The following discussion will examine the factors affecting resistivity response, methods of calculating anomalous resistivity, and the empirical corroboration of the effect in areas productive from the Niobrara.

NIOBRARA PETROLEUM GEOLOGY

Production from the Niobrara occurs in two general areas (Fig. 1).

Gas is produced at depths ranging from less than 1,000-ft to 3,000 ft along the gently dipping eastern flank of the Denver basin in eastern Colorado and western Kansas.1 Gas accumulations are associated with local structural traps. Porosity tends to be very high and permeability relatively low.

Local fracturing may enhance production characteristics, and hydraulic fracturing is generally required to stimulate production. The origin of the gas is generally considered to be related to biogenic decomposition of organic matter.2

In the areas of the Denver basin that are or were more deeply buried, the Niobrara produces thermogenic oil and wet gas condensate.3 4 Production of this type is generally at depths greater than 6,000 ft with the exception of fields bordering the Front Range uplift.

Fields of this type that have been productive from the Niobrara include Surrey field in Adams County, Colo.; Spindle, Wattenberg, Roggen, and Lost Creek fields in Weld County, Colo.; Berthoud, Loveland, and Fort Collins fields in Larimer County, Colo.; Silo field in Laramie County, Wyo., as well as numerous more isolated locales.

The following discussion will be concerned primarily with the deeper, thermogenic, oil prone areas of the Denver basin.

The Niobrara formation in the Denver basin consists of alternating cycles of marine limestone (chalk) and calcareous, organic shales. The chalks and calcareous shales are relatively rich in preserved organic carbon.

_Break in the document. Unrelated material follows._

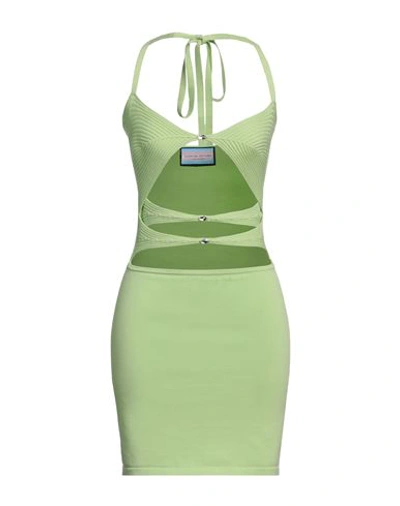 Eleonora Gottardi Woman Mini Dress Light Green Size M Viscose, Polyester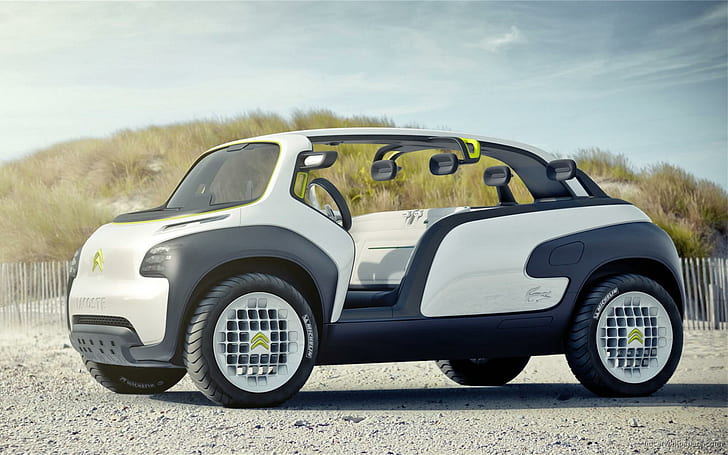2010 Citroen Lacoste Concept, black and white solar car, 2010, concept, citroen, lacoste, cars, HD wallpaper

The organic content of the overall Niobrara ranges from 1-6 wt %.2 5

The Niobrara is divided into two members, the Fort Hays limestone member at the base of the formation and the overlying Smoky Hill member (Fig. 2). The Smoky Hill member is further subdivided into three carbonate intervals, referred to as the A, B, and C chalks, in descending order. Each chalk interval is underlain by a calcareous shale interval.

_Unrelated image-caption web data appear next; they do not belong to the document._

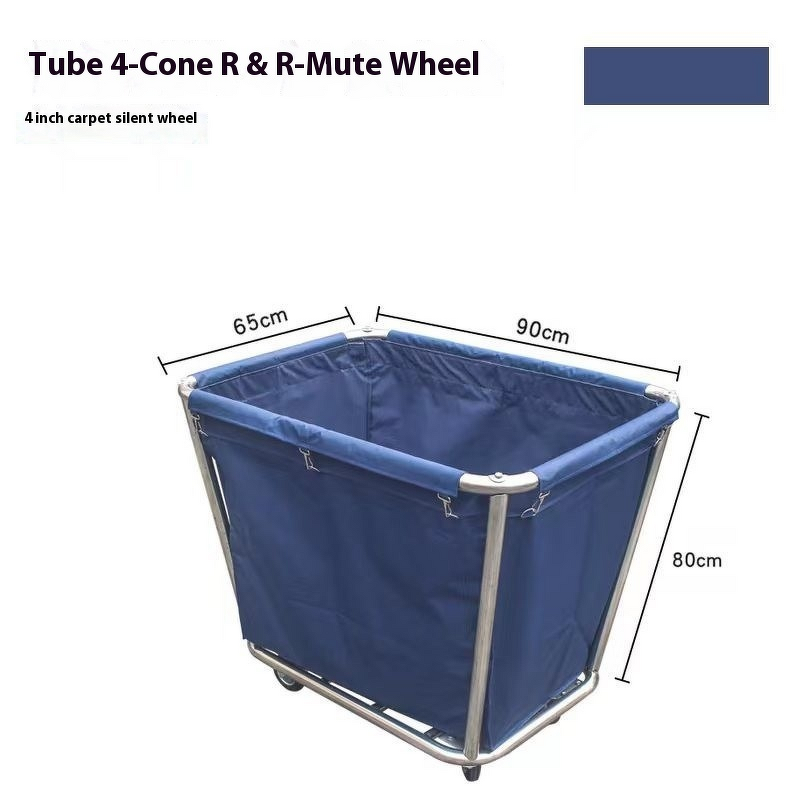 Linen Cart Manufacturer - Thickened Conical Stainless Steel Disassembly Assembly Collection Cart for Hotel Restaurant Guest Room Laundry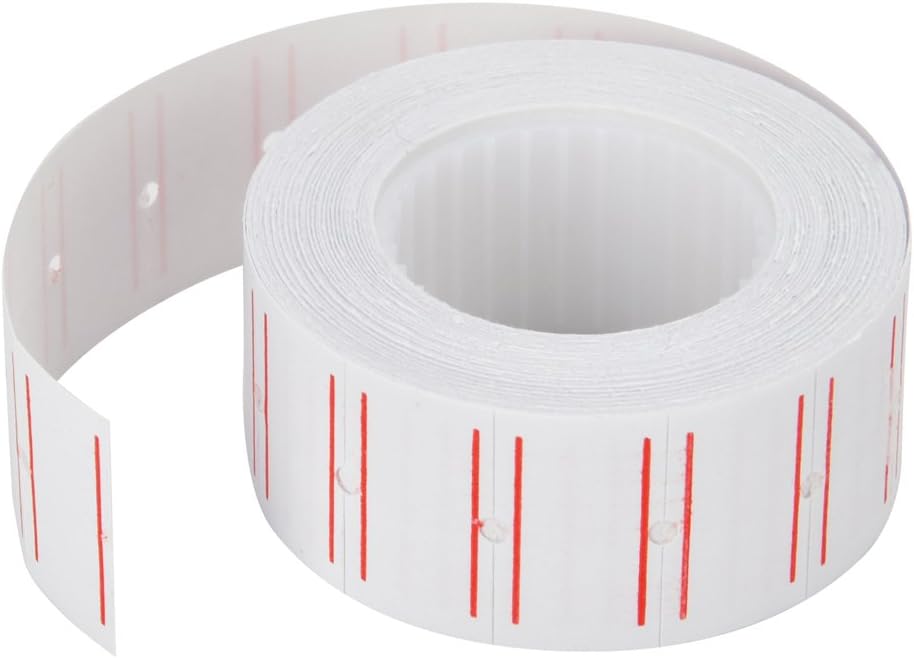 10 Rolls 6000 White Price Gun Labels for Mx-5500 - with Double Red Line Visibility, Refill Ink Roll & Disposable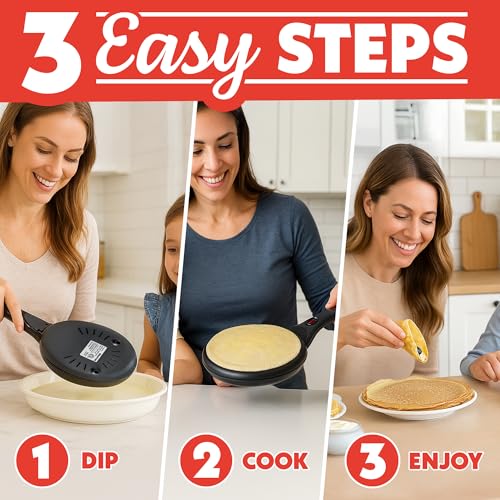 Gourmia 8¡± Crepe Maker ? Nonstick Ceramic Electric Griddle for Crepes, Tortillas & Omelets, Automatic Batter Dipping, Compact & Lightweight, Quick Heat-Up, Includes Batter Plate, Easy Cleanup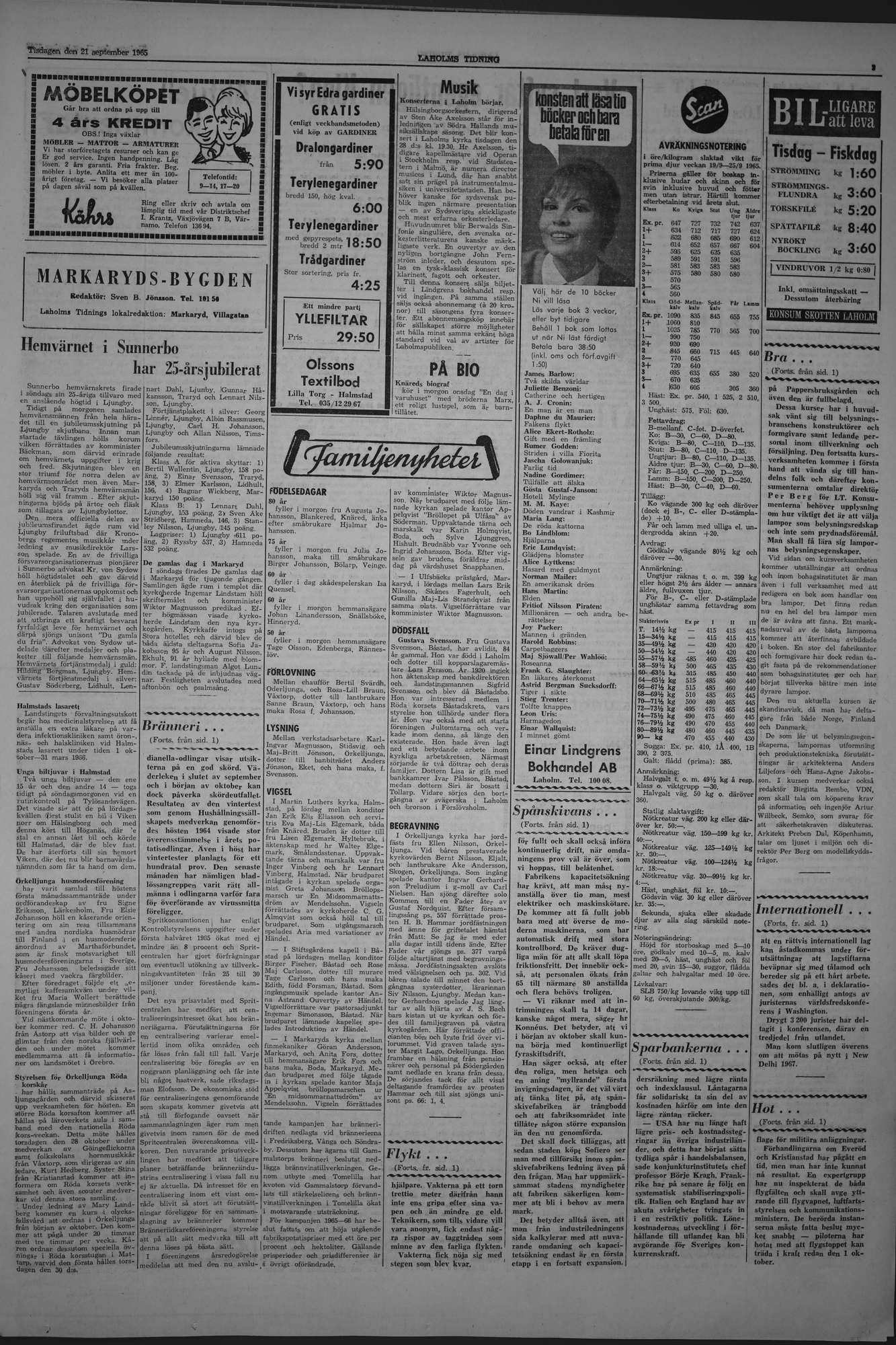 Laholms Tidning Tisdag 21 september 1965, sida 3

Following deposition, the Niobrara formation was buried coincident with the subsidence of the Denver basin. The majority occurred during late Cretaceous through early Eocene time. The diagenetic effects of burial consist primarily of mechanical and chemical compaction and the thermal maturation of organic matter.6 7

The combined result of the compaction processes is a progressive reduction in porosity with depth. At the shallow depths associated with biogenic gas production (less than 3,000 ft), porosity is 25-45%. At depths greater than 6,000 ft, porosity of the chalks is generally less than 10%.

Permeability varies linearly with porosity such that chalks with 10% porosity or less (greater than 6,000 ft depth) generally exhibit permeability of less than 0.1 md. Therefore matrix permeability is not a significant factor in production of Niobrara oil, and fractures are required to transmit fluid to the well bore.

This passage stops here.